Morning Fizz: Hit the Hardest

1. Before his gig tonight at Town Hall, national global warming guru Bill McKibben (McKibben wrote a defining article in Rolling Stone—"Global Warming's Terrifying New Math"—last year, and his group 350.org is organizing a 1980s-style divestment movement against the oil industry to fight climate change), is hosting a fundraiser for Mayor Mike McGinn at the Sorrento Hotel on First Hill.
State Rep. Hans Dunshee (D-44, Snohomish)—a purist McGinn-style green in Olympia who split with the environmental bloc in Olympia and voted 'No' on this year's $10 billion transportation package—and Sightline Executive Director Alan Durning are among the hosts at the recommended $50-donation reception.

2. A new report from the D.C.-based non-profit Institute on Taxation and Economic Policy, which recommended a series of mostly lefty policy prescriptions to aid the poor (such as a local earned income tax credit), found that poor people in Washington state pay a greater percentage of their income—16.9 percent—in state and local taxes than in any other state; Illinois ranks second in the dubious achievement, but well below Washington at 13.8 percent.
The Washington Post picked up on the news this weekend, and gawking in a story headlined "The state that taxes the poor the most is… a blue one" wrote:
The state that easily handed President Obama a victory last November while passing voter-approved referendums legalizing same-sex marriage and marijuana consumption also happens to have the nation’s highest tax burden on the poor.

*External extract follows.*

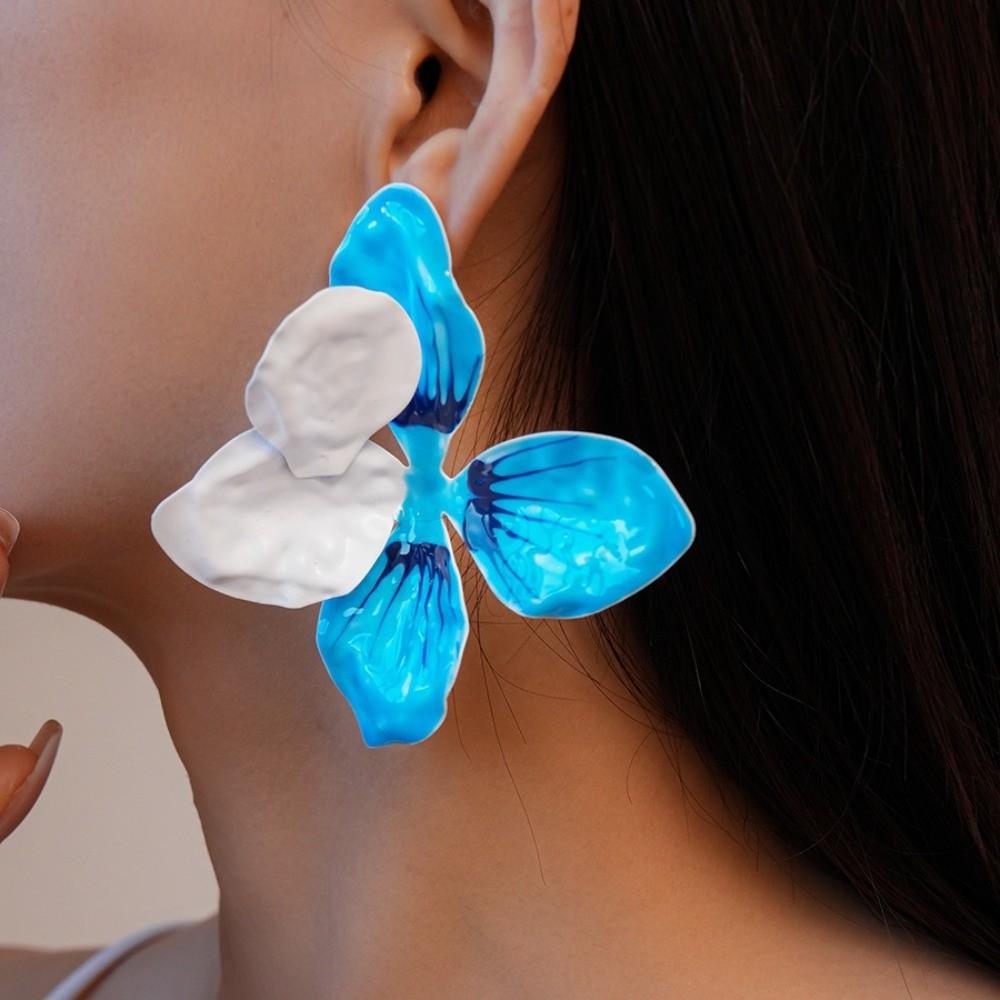 Dripping Oil Enamel Stud Earrings Zinc Zinc Alloy Bohemian Dangle Earring Drip Oil Flower Earrings  Women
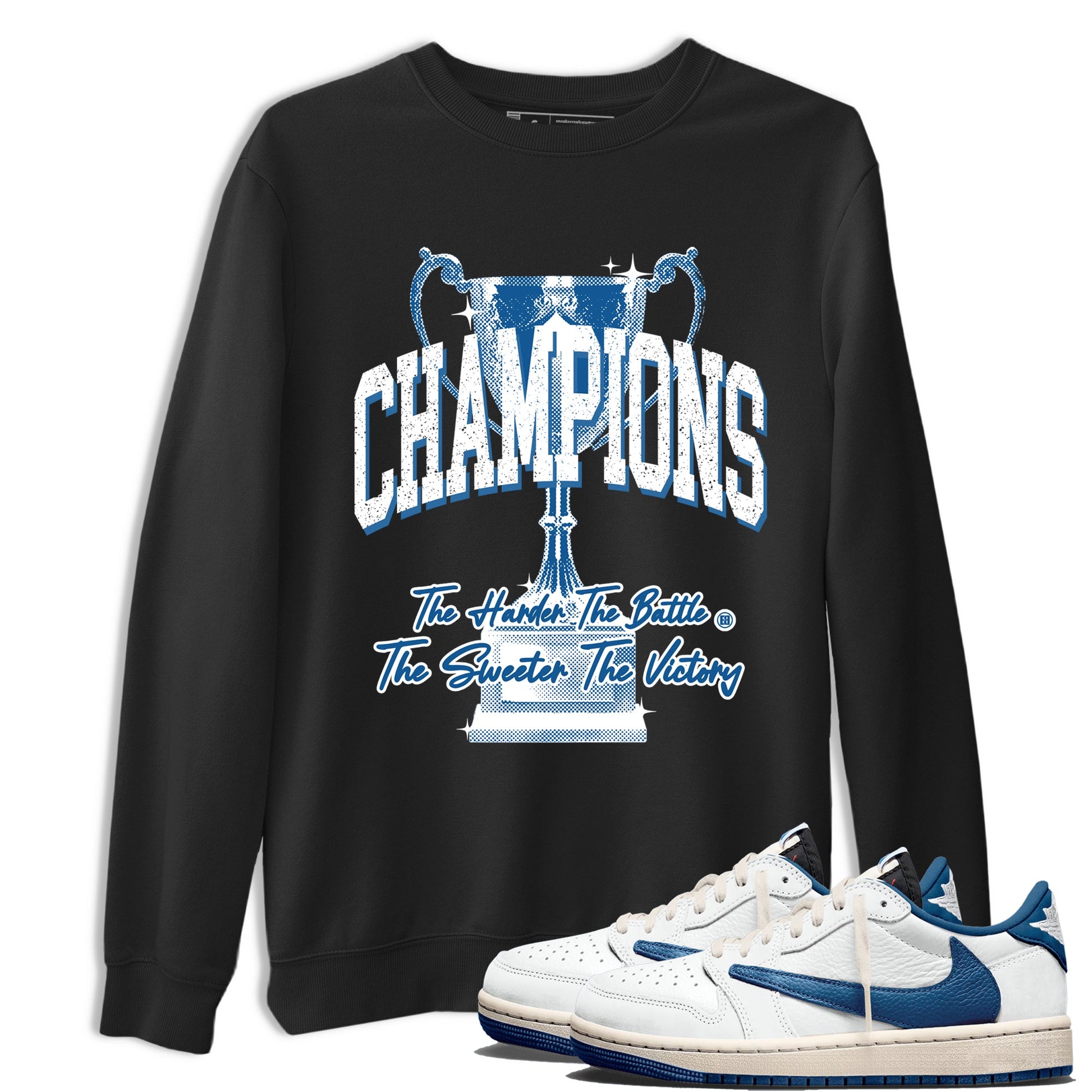 Sneaker match tees – Sneaker Tees To Match Air Jordan 1 Travis Scott Fragment Shoes – Champions Trophy Tee Black 1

Poor families in Washington state pay 16.9 percent of their total income in state and local taxes, more than any other state in the nation, according to a new report from the nonprofit Institute on Taxation and Economic Policy, which advocates for progressive tax policies.
Washington takes the top spot by a sizable lead. For the poor in Illinois, 13.8 percent of their income goes to paying state and local taxes. In Florida, those taxes eat up 13.3 percent of the income of the poor. The share in Hawaii is 13 percent, followed by Arizona at 12.9 percent.
The Post, however, didn't pick up on another detail from the report about our supposedly left wing state: In contrast, the top one percent in Washington—people with income over $1.1 million—pay just 2.8 percent in state and local taxes.